Acutally i have a X x Y of slot and when user touch on any of the region it adds the brick there so what i want to do is every time user add a brick check if it is making a close path.
I have writen recursive function for that but it's not working fine it always go for the top only and not right and left. Here is the code
function checkTrap(y,x)
if all_tiles[y][x].state == "changed" then --if brick is added at that location
last_move_y = y
last_move_x = x
--check for top
y = y - 1
if( y >= 1 and y <= 6 and (last_move_y ~= y or last_move_x ~= x) ) then
print("Moved to top at"..y..", "..x)
return checkTrap(y, x)
end
--check for bottom
y = y + 1
if( y >= 1 and y <= 6 and (last_move_y ~= y or last_move_x ~= x) ) then
print("Moved to bottom at"..y..", "..x)
return checkTrap(y, x)
end
--check for left
x = x - 1
if( x >= 1 and x <= 6 and (last_move_y ~= y or last_move_x ~= x) ) then
print("Moved to left at"..y..", "..x)
return checkTrap(y, x)
end
--check for right
x = x + 1
if( x >= 1 and x <= 6 and (last_move_y ~= y or last_move_x ~= x) ) then
print("Moved to right at"..y..", "..x)
return checkTrap(y, x)
end
elseif all_tiles[y][x] == object then
print("it's a loop"..y..", "..x)
return true;
else
print("not changed")
return false
end
end
Edit : New Solution
function findClosedRegion()
local currFlag, isClose = -1, false
local isVisited = {
{-1, -1, -1, -1, -1, -1},
{-1, -1, -1, -1, -1, -1},
{-1, -1, -1, -1, -1, -1},
{-1, -1, -1, -1, -1, -1},
{-1, -1, -1, -1, -1, -1},
{-1, -1, -1, -1, -1, -1}}
local k, m = 1, 1
while k <= 6 and not isClose
do
print("K "..k)
while m <= 6 and not isClose
do
print("M "..m)
if not isBrick[k][m] and isVisited[k][m] == -1 then
local cellsi = Stack:Create()
local cellsj = Stack:Create()
cellsi:push(k)
print("Pushed k "..k)
cellsj:push(m)
print("Pushed m "..m)
currFlag = currFlag + 1
isClose = true
while cellsi:getn() > 0 and isClose do
local p = cellsi:pop()
print("Pop p "..p)
local q = cellsj:pop()
print("Pop q "..q)
if( p >= 1 and p <= 6 and q >= 1 and q <= 6 ) then
if(not isBrick[p][q]) then
print("white ")
if(isVisited[p][q] == -1) then
print("invisited")
isVisited[p][q] = currFlag
cellsi.push(p - 1)
cellsj.push(q)
cellsi.push(p + 1)
cellsj.push(q)
cellsi.push(p)
cellsj.push(q + 1)
cellsi.push(p)
cellsj.push(q - 1)
cellsi:list()
else
if(isVisited[p][q] < currFlag) then
print("visited < currFlag")
isClose = false
end
end
end
else
isClose = false
end --p and q if ends here
end -- tile while end
else
--print("changed and not -1")
end
m = m + 1
end -- m while end
if(isClose) then
print("Closed path")
end
m = 1
k = k + 1
end -- k while end
end
解决方案
EDITED: Instead if searching with the help of black cells, we should search with white cells because your goal is to find area bound by black cells, even if diagonally adjacent. We should find a group of white cells which is only bordered by black cells and not by the border of the whole main grid. That should satisfy your purpose.

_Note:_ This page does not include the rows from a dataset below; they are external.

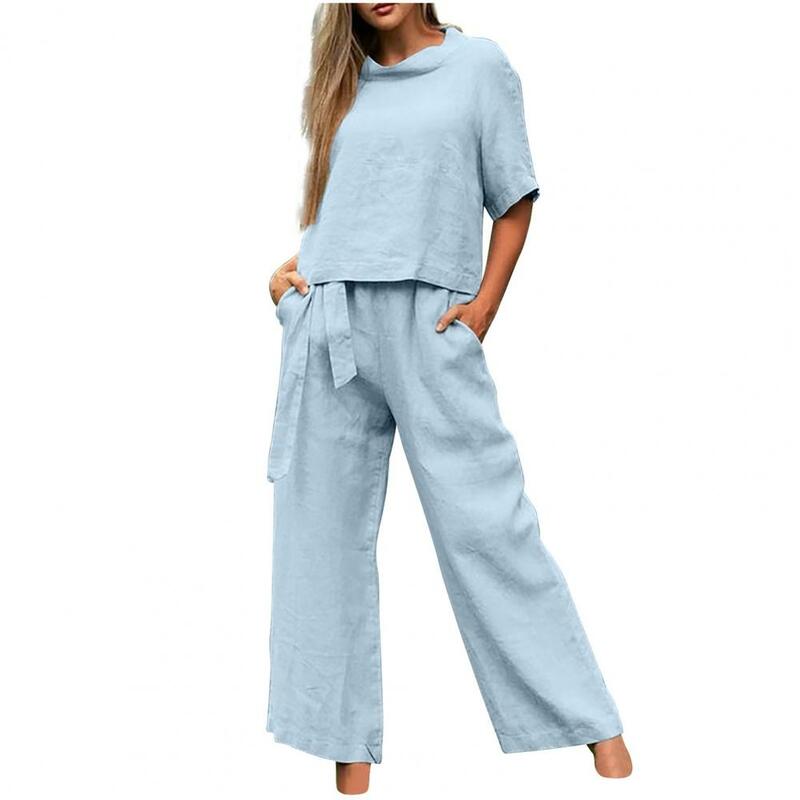 Комплект из 2 предметов: блузка и штаны с круглым вырезом, топ с коротким рукавом и широкие свободные брюки, повседневная домашняя одежда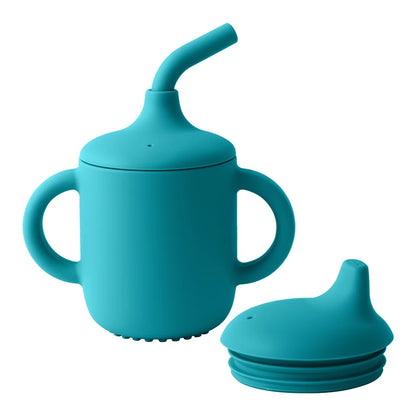 1PCS Two Lids Baby Silicone Straw Cup BPA Free Portable Storage Snack Container Feeding Cup Kids Learning Drink Cup Baby Stuff
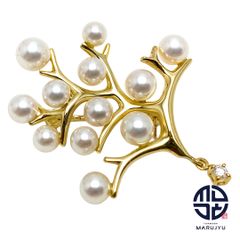 MIKIMOTO ミキモト K18YG 18金イエローゴールド アコヤパール 真珠 ダイヤ入り 幸福の木 ブローチ ジュエリー アクセサリー ブランド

JS Fiddle: http://jsfiddle.net/4d4wqer2/
This is the revised algorithm I came up with:
for each cell and until closed area not found
if white and visitedValue = -1
push cell to stack
while stack has values and closed area not found
pop cell from stack
if invalid cell // Cell coordinates are invalid
this area is not closed, so break from the while
else
if white
if visitedValue = -1
{
mark visited
push neighboring four cells to the stack
}
else
if visitedValue > currVisitNumber // The current cells are part of previous searched cell group, which was not a closed group.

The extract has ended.